_PROBLEM DETAILS_
Write out the listing below in full and exactly, leaving out every picture.
::: EXERCISE DATA
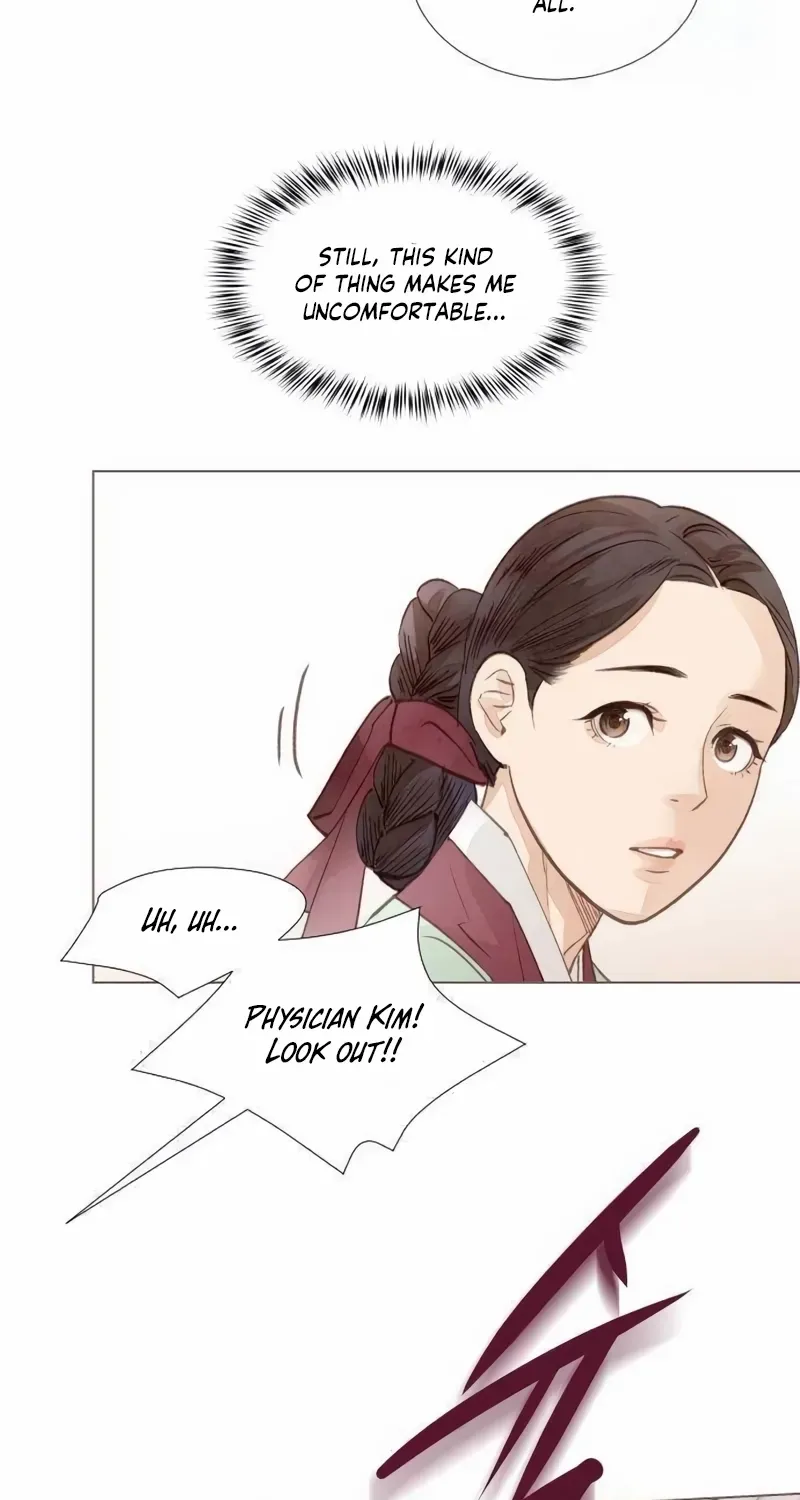 Doctor Hong's Secret Chapter 23 page 60 - 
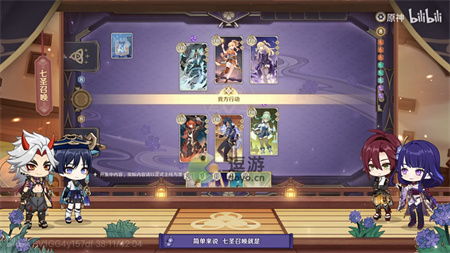 原神七圣召唤：揭秘切牌秒杀流的高效玩法！ 2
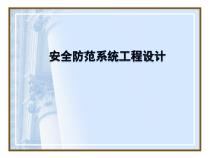 安防工程设计08N5b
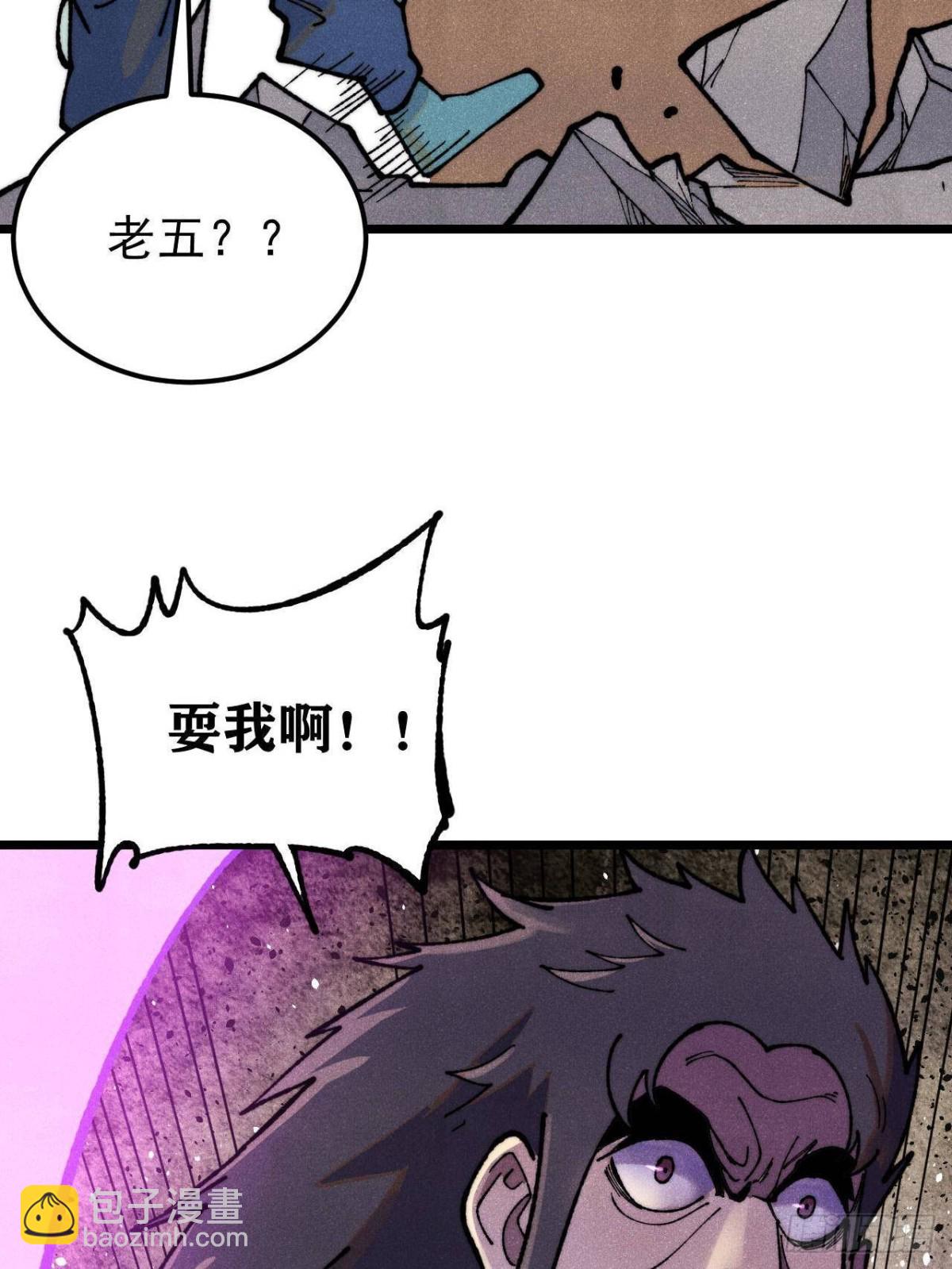 🍟万古最强宗 325 漏网之鱼 第27页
::::::
_SOLUTION TO THIS EXERCISE_
 Doctor Hong's Secret Chapter 23 page 60 - 
 原神七圣召唤：揭秘切牌秒杀流的高效玩法！ 2
 安防工程设计08N5b
 🍟万古最强宗 325 漏网之鱼 第27页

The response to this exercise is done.